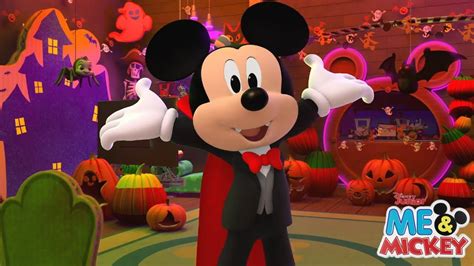 Me & Mickey Vlog 71 Mickey Mouse's Favorite Halloween Moments | Disney Junior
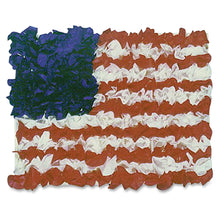 Load image into Gallery viewer, Hygloss American Flag Craft Tissue Paper Kit - Includes Enough Pieces to Craft 10 Flags - DIY US Flag Decorations - 5.5” x 8.5” Inches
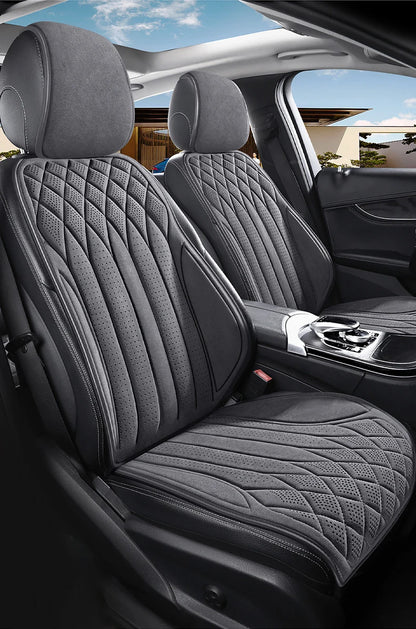 Universal  Anti-Slip Car Seat Cover Four Season Auto Suede Breathable Covers for Car Seats Cover Protection Cars Seats Covers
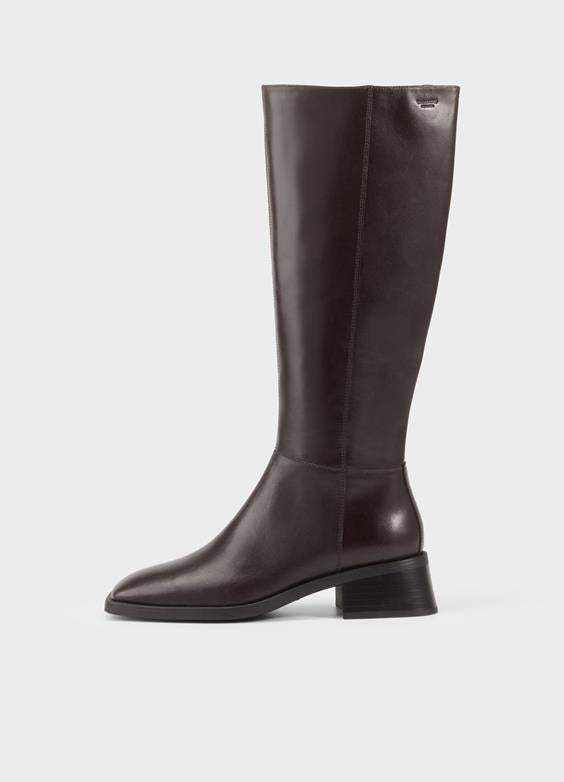 Blanca Tall Boots in Dark Brown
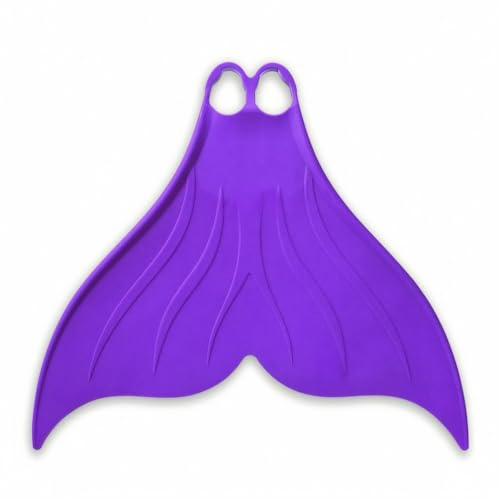 Milageto Monopalme Sirène Hydrodynamique Monopalme Sirène Flexible Palme Unique en Caoutchouc pour Apnée , Violet , S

Instructions for the task = Output the material word for word, and keep the pictures out.

Answer box =
 Me & Mickey Vlog 71 Mickey Mouse's Favorite Halloween Moments | Disney Junior
 Load image into Gallery viewer, Hygloss American Flag Craft Tissue Paper Kit - Includes Enough Pieces to Craft 10 Flags - DIY US Flag Decorations - 5.5” x 8.5” Inches
 Universal  Anti-Slip Car Seat Cover Four Season Auto Suede Breathable Covers for Car Seats Cover Protection Cars Seats Covers
 Blanca Tall Boots in Dark Brown
 Milageto Monopalme Sirène Hydrodynamique Monopalme Sirène Flexible Palme Unique en Caoutchouc pour Apnée , Violet , S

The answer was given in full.